(Dataset entries Opens)

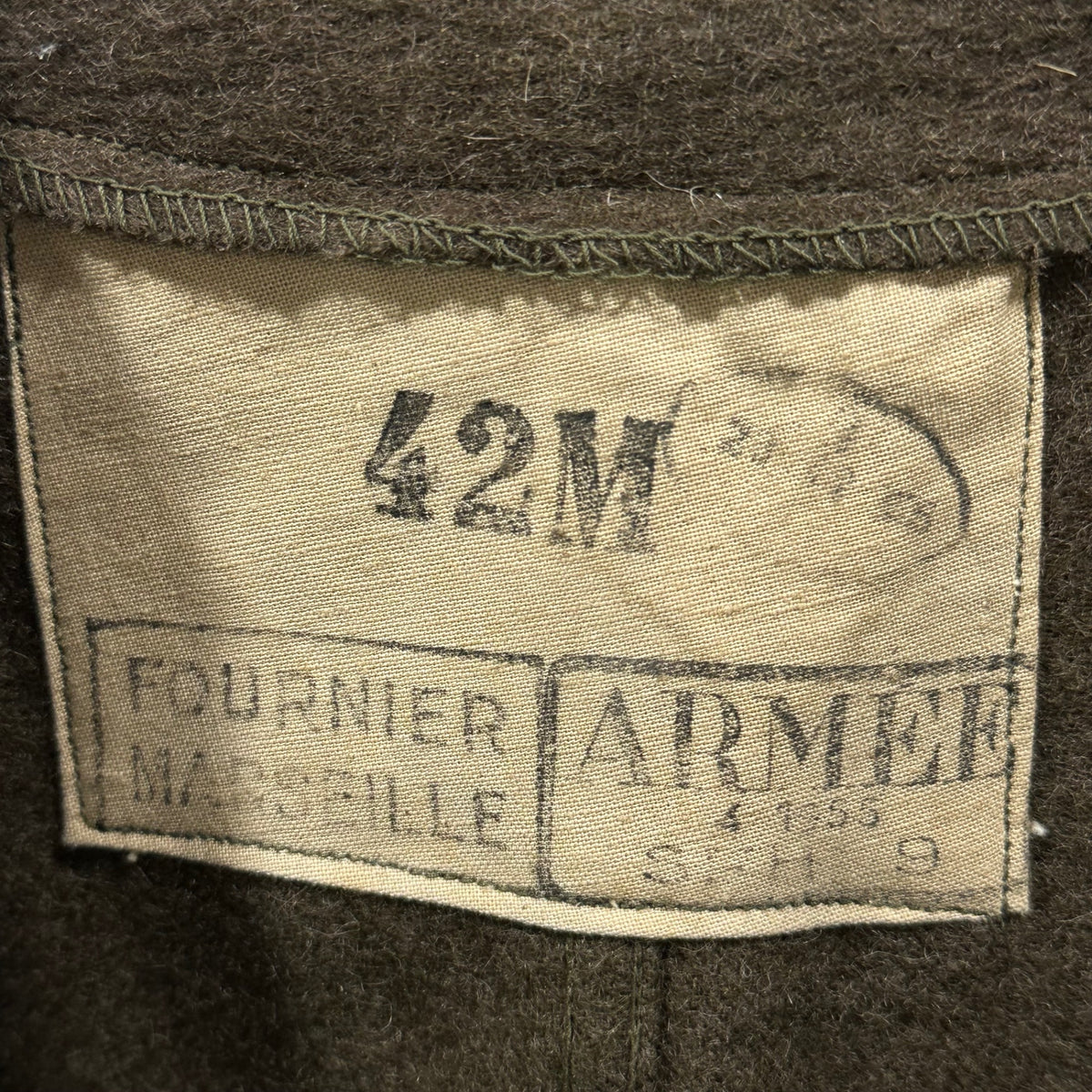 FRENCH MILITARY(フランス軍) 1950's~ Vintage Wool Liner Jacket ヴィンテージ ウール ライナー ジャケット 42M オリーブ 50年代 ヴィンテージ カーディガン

(Dataset entries Closes)
(Dataset entries Opens)

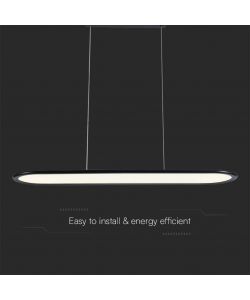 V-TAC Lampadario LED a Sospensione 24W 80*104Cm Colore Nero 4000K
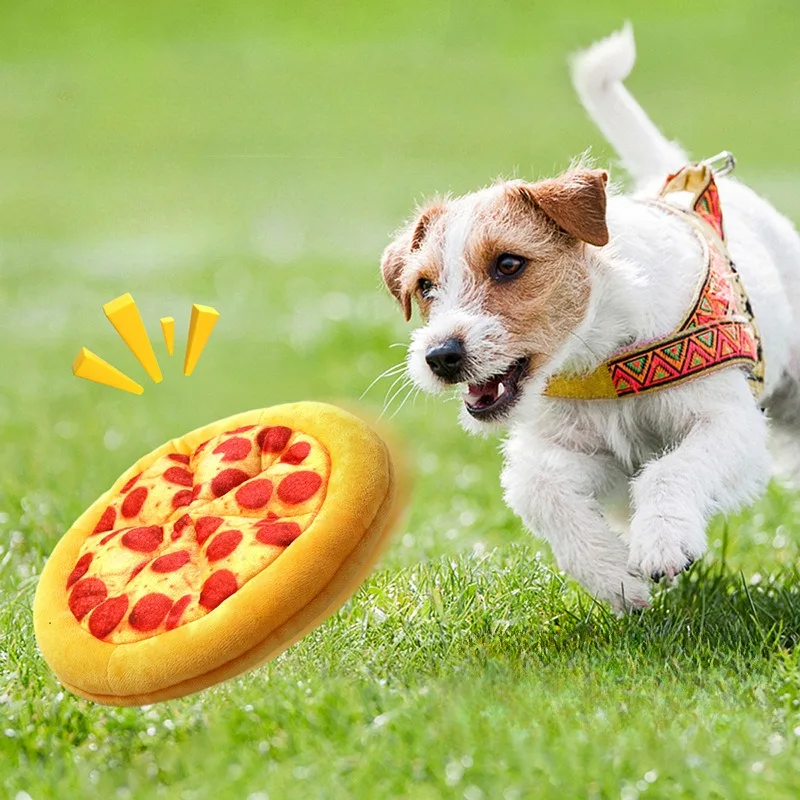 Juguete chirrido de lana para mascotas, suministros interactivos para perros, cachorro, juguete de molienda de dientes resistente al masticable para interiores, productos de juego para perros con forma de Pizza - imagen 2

(Dataset entries Closes)

Output exactly those lines of the data above that run from the line with "V-TAC Lampadario LED" up to and including the line with "Juguete chirrido de". No pictures go in.

* [Result of this exercise]:
 V-TAC Lampadario LED a Sospensione 24W 80*104Cm Colore Nero 4000K
 Juguete chirrido de lana para mascotas, suministros interactivos para perros, cachorro, juguete de molienda de dientes resistente al masticable para interiores, productos de juego para perros con forma de Pizza - imagen 2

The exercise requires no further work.